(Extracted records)
········

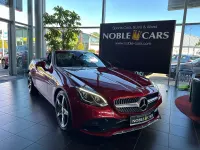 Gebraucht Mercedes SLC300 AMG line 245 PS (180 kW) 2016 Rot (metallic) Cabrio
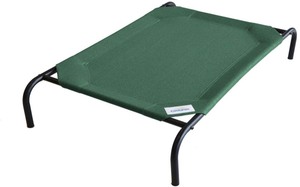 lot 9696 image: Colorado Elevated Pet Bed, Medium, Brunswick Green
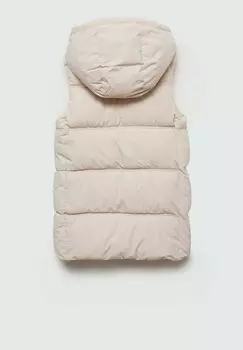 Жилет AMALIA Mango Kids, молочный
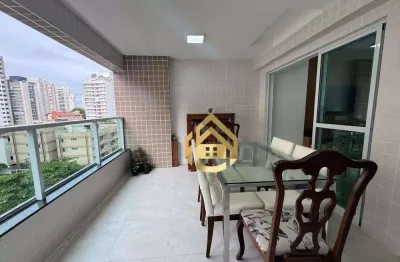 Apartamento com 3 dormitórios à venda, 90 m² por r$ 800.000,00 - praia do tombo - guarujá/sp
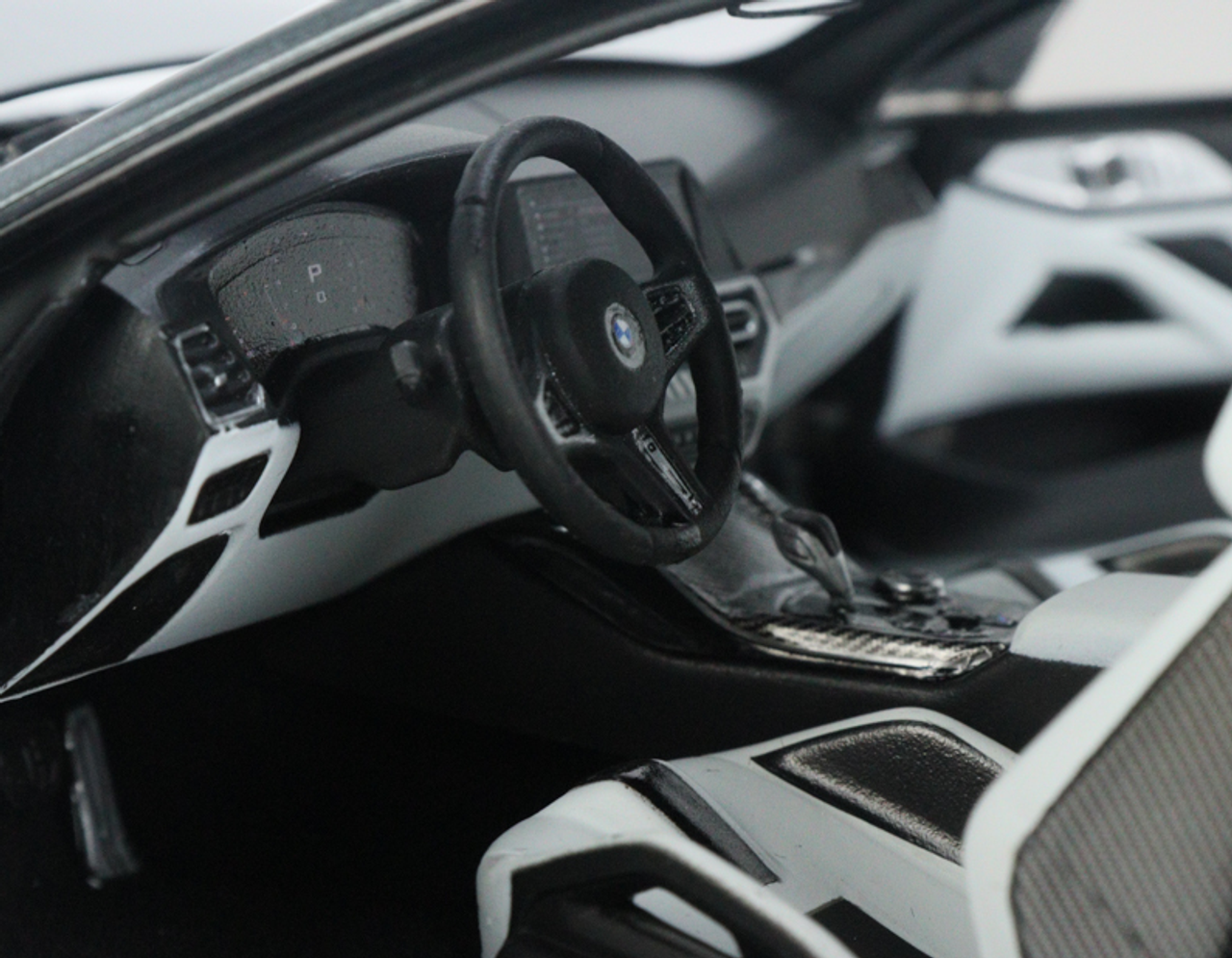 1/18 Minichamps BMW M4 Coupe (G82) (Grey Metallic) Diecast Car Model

········

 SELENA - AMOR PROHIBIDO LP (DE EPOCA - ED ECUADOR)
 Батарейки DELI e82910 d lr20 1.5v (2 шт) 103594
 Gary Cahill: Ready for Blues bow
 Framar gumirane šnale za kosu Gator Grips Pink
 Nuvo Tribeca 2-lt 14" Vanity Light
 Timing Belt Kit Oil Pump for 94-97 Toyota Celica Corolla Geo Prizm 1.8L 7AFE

········

> [EXERCISE DETAILS]
Beginning at the line with "Gary Cahill: Ready for Blues bow" and stopping after the line with "Timing Belt Kit", please write out every line of the data above exactly and nothing else.

> [SOLUTION TO THIS EXERCISE]
 Gary Cahill: Ready for Blues bow
 Framar gumirane šnale za kosu Gator Grips Pink
 Nuvo Tribeca 2-lt 14" Vanity Light
 Timing Belt Kit Oil Pump for 94-97 Toyota Celica Corolla Geo Prizm 1.8L 7AFE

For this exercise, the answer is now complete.